Towards a Theory of Decision Making

Lead Research Organisation: University of Bristol
Department Name: Engineering Mathematics and Technology

Abstract

Degenerate Optimal Boundaries for Multiple-Alternative Decision Making

Integration-to-threshold models of two-choice perceptual decision making have guided our understanding of the behaviour and neural processing of humans and animals for decades. Although such models seem to extend naturally to multiple-choice decision making, consensus on a normative framework has yet to emerge, and hence the implications of threshold characteristics for multiple choices have only been partially explored. Here we consider sequential Bayesian inference as the basis for a normative framework together with a conceptualisation of decision making as a particle diffusing in n-dimensions. This framework implies highly choice-interdependent decision thresholds, where boundaries are a function of all choice-beliefs. We show that in general the optimal decision boundaries comprise a degenerate set of complex structures and speed-accuracy tradeoffs, contrary to current 2-choice results. Such boundaries support both stationary and collapsing thresholds as optimal strategies for decision-making, both of which result from stationary complex boundary representations. This casts new light on the interpretation of urgency signals reported in neural recordings of decision making tasks, implying that they may originate from a more complex decision rule, and that the signal as a distinct phenomenon may be misleading as to the true mechanism. Our findings point towards a much-needed normative theory of multiple-choice decision making, provide a characterisation of optimal decision thresholds under this framework, and inform the debate between stationary and dynamic decision boundaries for optimal decision making.

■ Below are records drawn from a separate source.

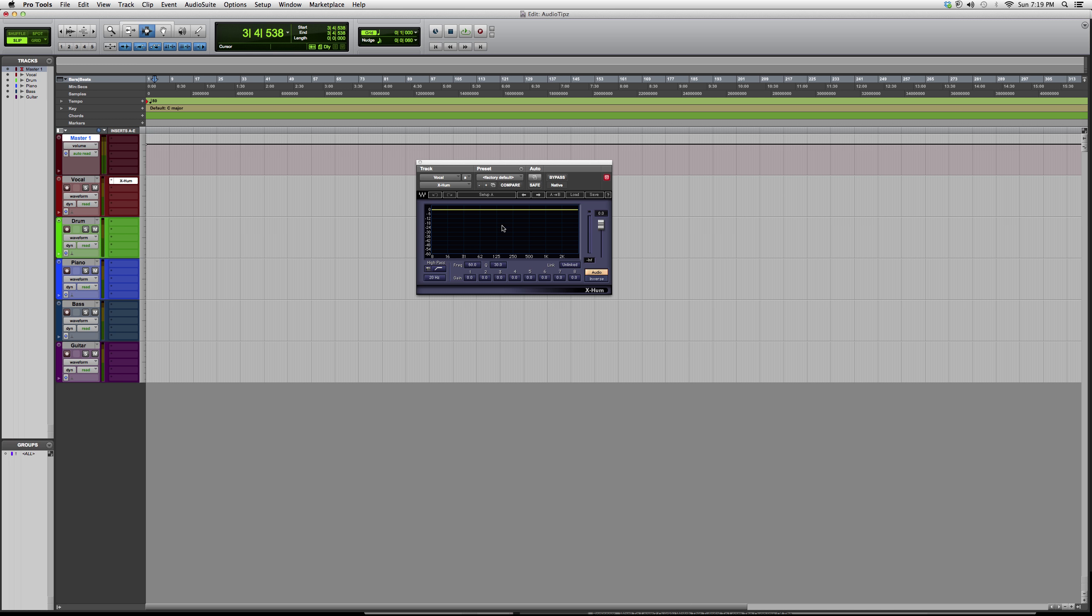You'll hear the difference between having the plugin off or having it on or bypassed. This is basically it—the X hum Waves plugin. Thank you guys for watching this overview, and please subscribe.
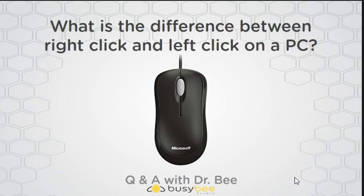Welcome to another episode of Q&A with Dr. B. I often get asked, what is the difference between right click and left click on a mouse, especially on the PC where a mouse has two buttons, a left and a right. And so that's our question today and that's the question we hope to answer.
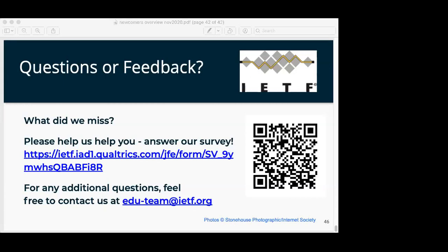Thank you everybody for coming. Yes, the next webinar will be the same topics — it's the same presentation, actually. We do it two different times to accommodate people in different time zones. There will also be a Slack channel — a newcomers channel as part of our Slack channel space where you'll be able to ask newcomer questions there during the week. Thank you very much and hope to see you around online in a couple weeks. Everybody have a good night.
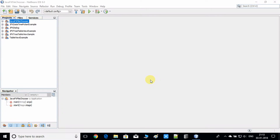Hello everyone, welcome to this video tutorial. Today we're going to discuss the JavaFX DirectoryChooser. I will show you a simple example of how you can use the JavaFX DirectoryChooser in a JavaFX application. Let's get started — I'm going to create a new project under the NetBeans IDE.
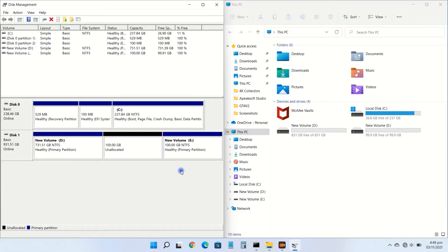The new unallocated volume appears in the same slot as the current drive in the disk management console.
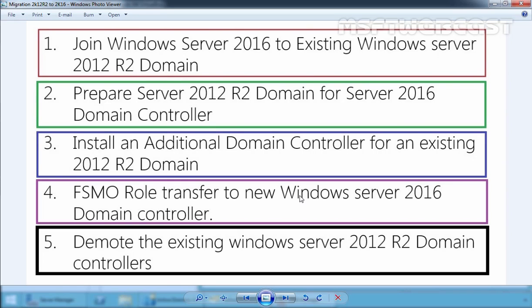In the last video of this video series, we are going to see how we can demote the existing Windows Server 2012 R2 domain controller. In the first step, we join our Windows Server 2016 to the existing Windows Server 2012 R2 domain. In the second step, we prepare Windows Server 2012 R2 domain for Windows Server 2016 domain controller. In the third step, we install Windows Server 2016 as an additional domain controller. In the fourth part, we transfer all the FSMO roles to the new Windows Server 2016 DC. And in the last part, we are going to demote the existing Windows Server 2012 R2 domain controller.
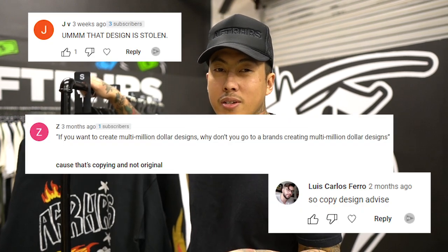So check it out. There's an elephant in the room. In my past few videos, I've been seeing this comment one too many times — that I steal designs. And you know what? It's true. And let me tell you exactly how I do it.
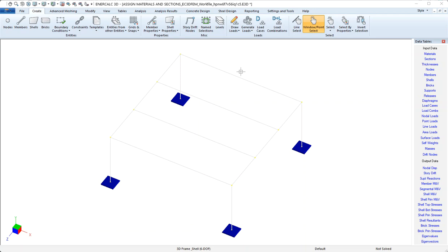In IntelCalc 3D, analysis and design results are presented on the basis of load combinations. So we need to create load combinations that are populated with sets of load cases multiplied by factors.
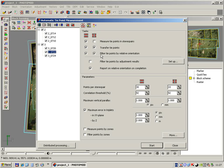In the parameters section you can see the basic settings for measuring and filtering points. In most cases we can leave them unchanged.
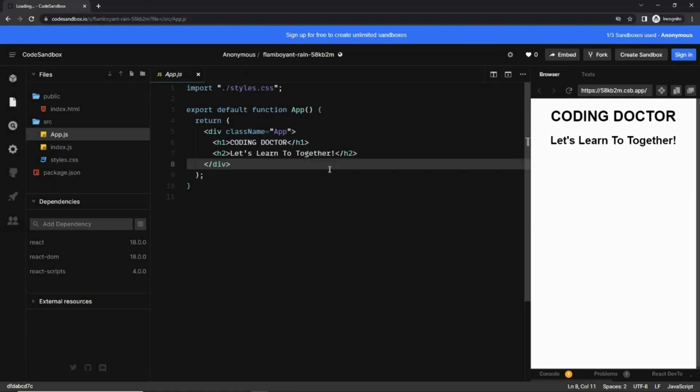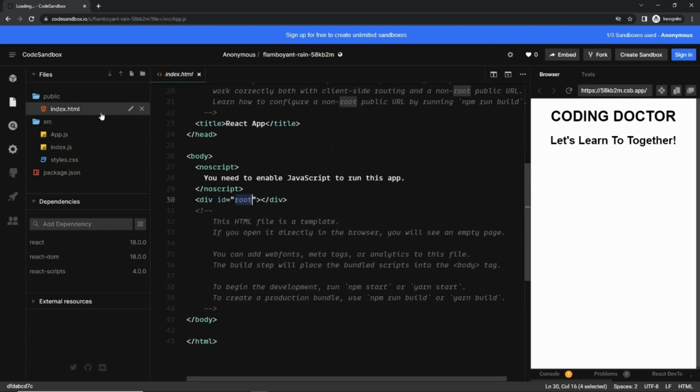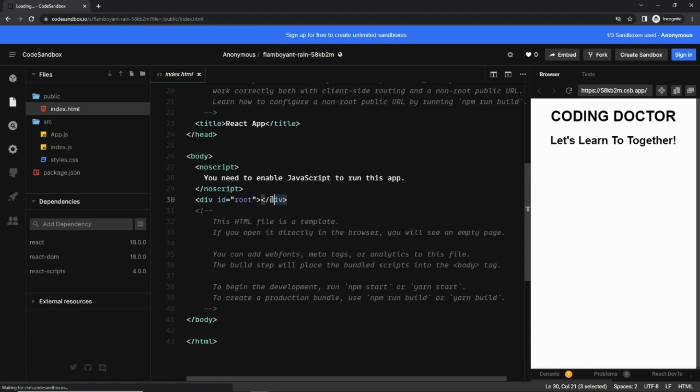Hello guys, welcome to the React interview question series. Find the series link in the description. Today we are going to discuss how a browser loads any React application. The entry point for any React application is this index.html. Here you can see there is a div with id of root. Our entire React application is mounted on this root div only.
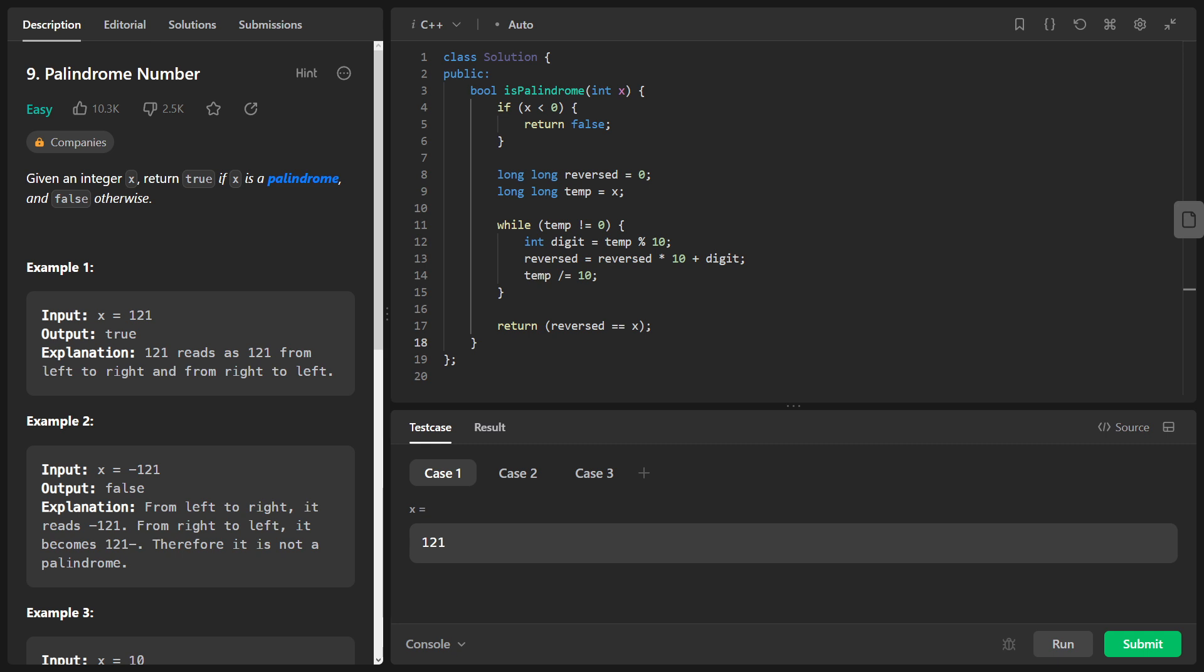Next, we declare two variables of type long long, reversed and temp. We use long long to prevent potential overflow issues in case the input integer is too large.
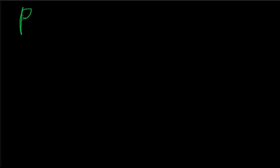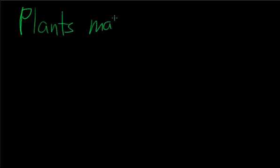Hello class. We are going to talk about how plants make food.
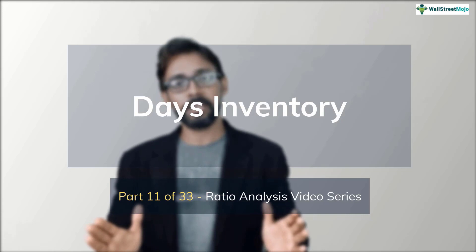Hello friends. My name is Jiroj Vaidya from wallstreetmojo.com. This is part 11 of our ratio analysis video series. And in this installment, we learn all about day's inventory.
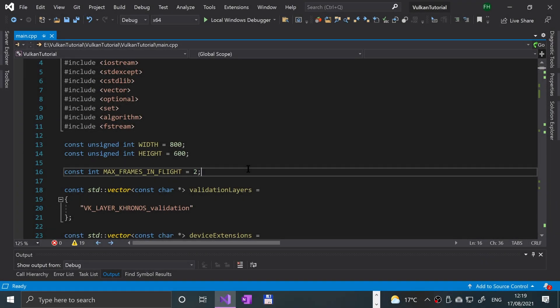Hello, in this Vulkan video we are going to wrap up drawing a triangle. We're pretty much done anyway. One thing we want to cover now is swap chain recreation, so there can be instances where the swap chain needs to be recreated. One of those instances is when you resize the window.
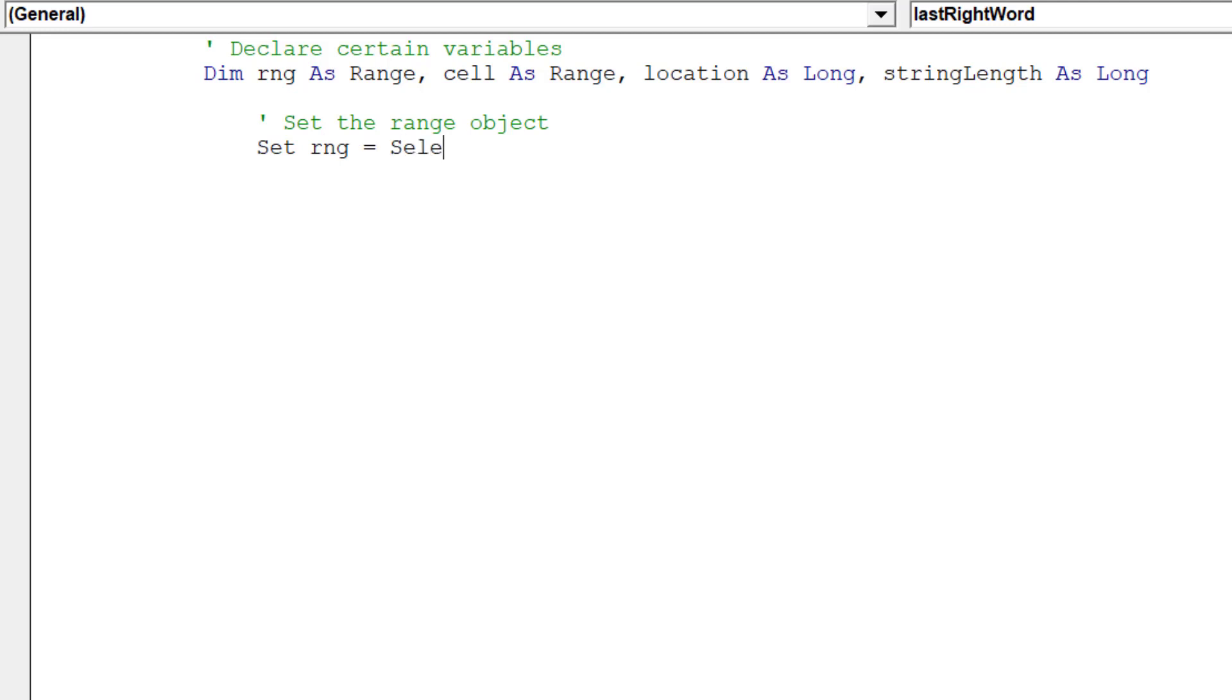Our object range will be the data range selected by a user.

Decision making as a closed-loop process

The theory of decision making has largely been developed as a disembodied open-loop process, however there is growing recognition that ecologically valid scenarios require integration of movement dynamics into current decision making theory, and a revision of what are considered to be core/fundamental decision components.
Here we develop the theory of decision making as a closed loop process, first exploring the role of confidence both as a neural computation within the loop, affecting movement dynamics and as a property of the egocentric frame with a causal influence on cognition.

Secondly, we consider the relationship between closed-loop components/processing and stability - in embodied systems action is accumulated and so physical restrictions limit volatility, moreover the reciprocal relationship between movement and evidence processing means that this stabilisation may also happen on a neural level in the form of a biased gain during evidence accumulation, improving stability/convergence.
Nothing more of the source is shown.